3 Proposed Approach: Application of Ant Colony Clustering Algorithm for Efficient Clustering of Transactional Data

We propose an algorithm in which efficient partitions are created using ant colony clustering algorithm and then utilizes VERPART algorithm [21] to finally achieve k^m-anonymity. The clusters are initialized using HORPART algorithm [21]. HORPART algorithm selects the most frequent item “a” in the dataset and splits the dataset into two partitions, the records which contain “a” come in one partition and the rest of the records come in another partition. The process of splitting like this will continue till we get the partitions of predefined size, say P₁, P₂…P_n.

At the beginning, an ant m is associated to a partition P_I, and during the iterations, the ant will select the most dissimilar transaction d_i of partition P_I, and another partition P_J is selected at random using a roulette-wheel with probability p_IJ, where p_IJ depends on the pheromone trail and a local heuristic.
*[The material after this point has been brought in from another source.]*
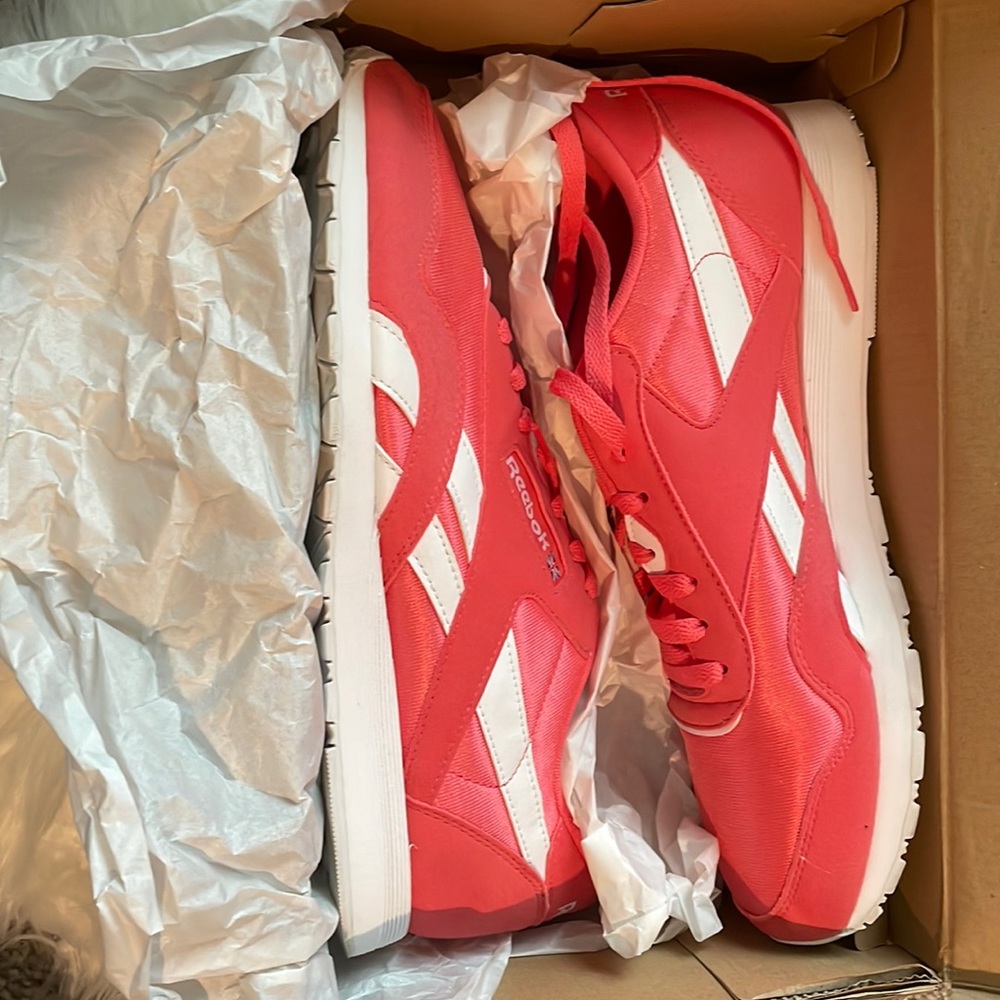 Reebok Classic Nylon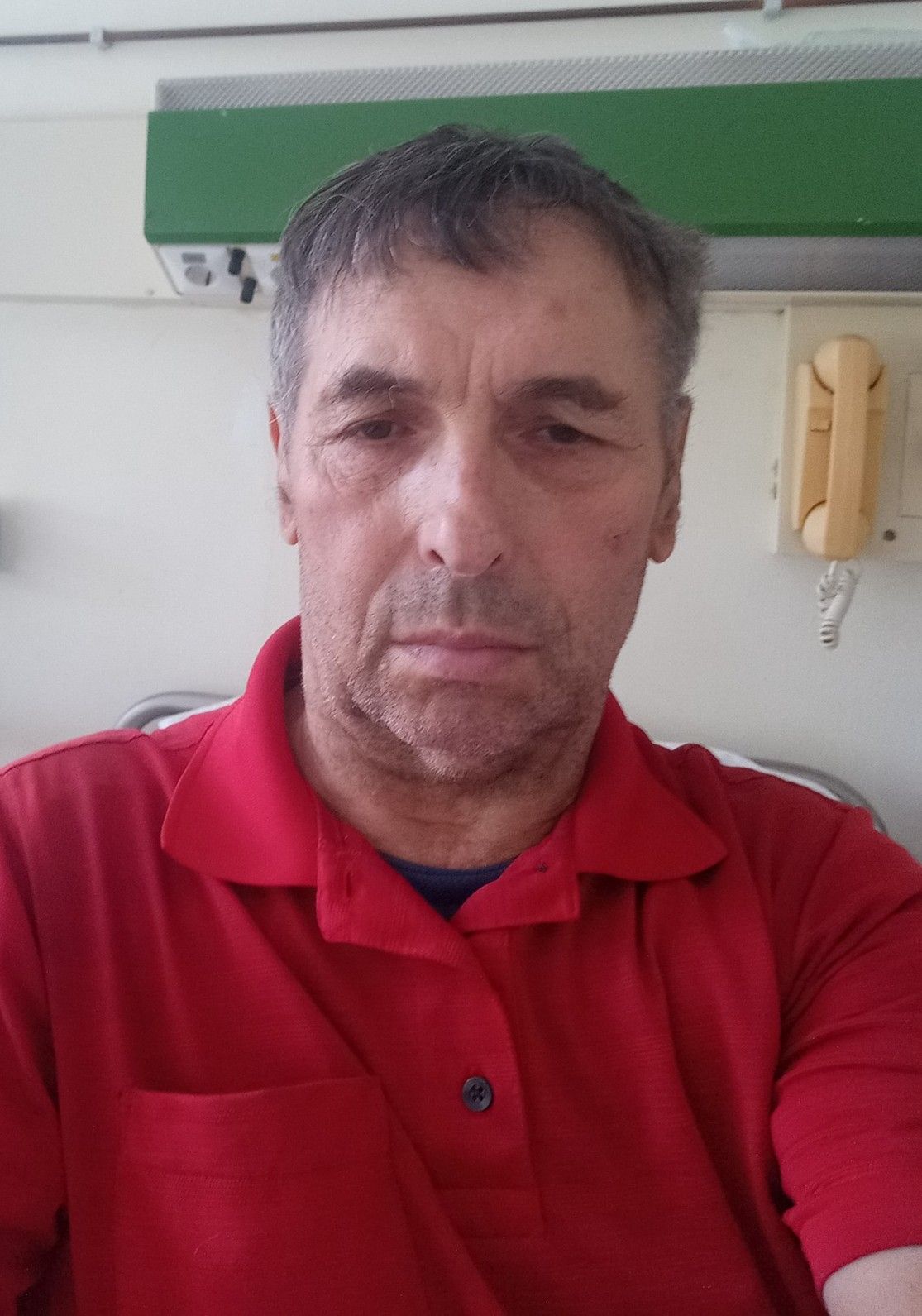 A Mikulás nagykövetét súlyos betegség döntötte le a lábáról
Ant will assign d_i to the partition P_J. The value of the pheromone trail is modified according to the rule.

$$\tau _{{xy}} = (1 - \rho )\tau _{{xy}} + \Delta \tau _{{xy}}^{k}$$

(1)

where τ_xy is the amount of pheromone deposited for a state transition from partition x to partition y, ρ is the pheromone evaporation coefficient where \(\rho \in \left[ {0,~1} \right]\) and \(\Delta \tau _{{xy}}^{k}\) is the amount of pheromone deposited by k^th ant.

$$\Delta \tau _{{xy}}^{k} = \left\{ {\begin{array}{*{20}l} 1 \hfill & {{\text{if}}\;{\text{ant}}\;k\;{\text{transfer}}\;{\text{a}}\;{\text{transaction}}\;{\text{from}}\;x\;{\text{to}}\;y} \hfill \\ 0 \hfill & {{\text{otherwise}}} \hfill \\ \end{array} } \right.$$

(2)

The local heuristic or short-term visibility is defined as.

$$\eta _{{IJ}} = \frac{{A \cap B}}{{A \cup B}}$$

(3)

where A and B are the transactions. If the transaction A is more similar to the transaction B of particular partition, then it gives a big value in order to influence in the probability of assigning it to the partition. If ant m is at partition I, partition J is chosen with probability

$$p_{{XY}}^{k} = \frac{{\left( {\tau _{{XY}}^{\alpha } } \right)\left( {\eta _{{XY}}^{\beta } } \right)}}{{\mathop \sum \nolimits_{{z \in {\text{allowed}}_{X} }} \left( {\tau _{{XZ}}^{\alpha } } \right)\left( {\eta _{{XZ}}^{\beta } } \right)}}$$

(4)

To find whether the obtained solution is better than previous or not, the Jaccard similarity is calculated.

$$B\left( P \right) = \mathop \sum \limits_{{I = 1}}^{n} JS\left( {P_{I} } \right)$$

(5)

Then, dissimilar transaction d of partition I is assigned to the partition J.

4 Implementation and Results

The proposed approach is implemented in Python and tested on INFORMS dataset.¹ In ACO, there are five parameters that needs to be fixed. In the literature [22], following conditions have been specified on selecting these values:

• β has to be larger than α; so that destination cluster should be chosen based on local heuristic, i.e., similarity with the destination cluster instead of deposited pheromone.

• α, β <= 1 is better than α, β > 1;

• ρ = 0.8 is better than ρ = 0.7 and ρ = 0.9 decided by set of experiments.

Considering the above conditions, the following values are considered:

• M = number of clusters

• t_max = 100

• α = 0.8

• β = 1

• ρ = 0.8

• τ₀ = 0.001

The results are analyzed in terms of information loss while achieving privacy-preserving data publishing. To evaluate information loss, we have used relative error measure [21] which measure the loss in the association of items occurred while anonymization shown in Fig. 1. The relative error is calculated for different values of k (= 4, 5, 6, 7) and for the anonymized data using proposed algorithm and Disassociation algorithm, respectively. The result shows that if data is anonymized using the proposed algorithm, it gives lower values of relative error for each k than Disassociation algorithm. The lower value of relative error shows that more items are still associated in the anonymized data and, thus, preserves data utility.

Fig. 1

Relative error

5 Conclusion

The paper has clearly shown that if we can create the equivalence classes/clusters which have similar records result in less information loss due to anonymization process. Thus, data utility maintained. The proposed algorithm uses ant colony optimization to further refine the equivalence classes/clusters; it shows the significant improvements in equivalence class and, thus, reduces the information loss cause by anonymization. The proposed approach has been tested on INFORMS dataset, and it gives lower relative error than Disassociation algorithm. In future, the applicability of other nature-inspired algorithm can be tested and compared.